┌────────

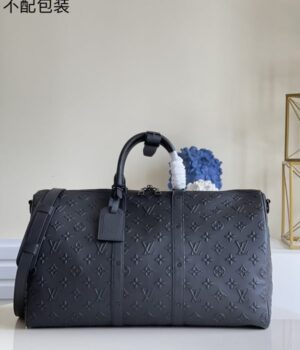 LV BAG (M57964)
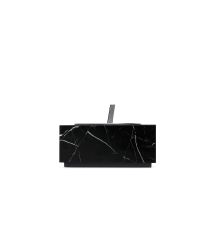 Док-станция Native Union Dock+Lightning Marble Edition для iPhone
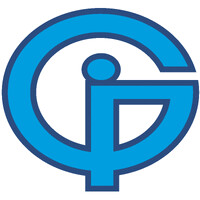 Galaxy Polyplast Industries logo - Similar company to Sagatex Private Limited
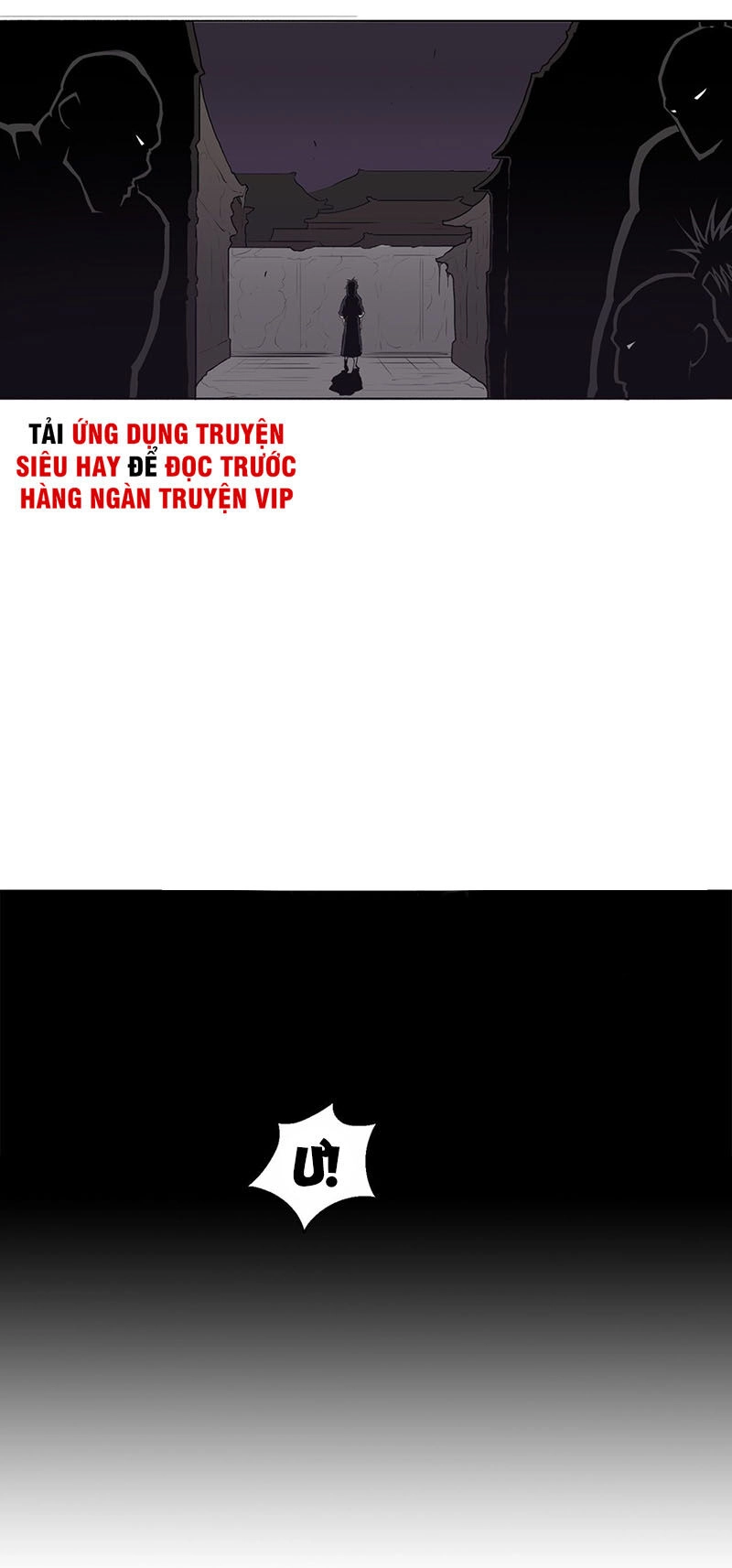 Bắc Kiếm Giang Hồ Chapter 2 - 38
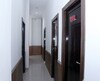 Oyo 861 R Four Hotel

└────────

▶ **WHAT YOU ARE ASKED TO DO**: Only those lines from the one containing "Bắc Kiếm Giang Hồ Chapter 2 - 38" to the end of the material above, retyped exactly and without pictures, belong in your reply.

▶ **RESULT OF THE EXERCISE**:
 Bắc Kiếm Giang Hồ Chapter 2 - 38
 Oyo 861 R Four Hotel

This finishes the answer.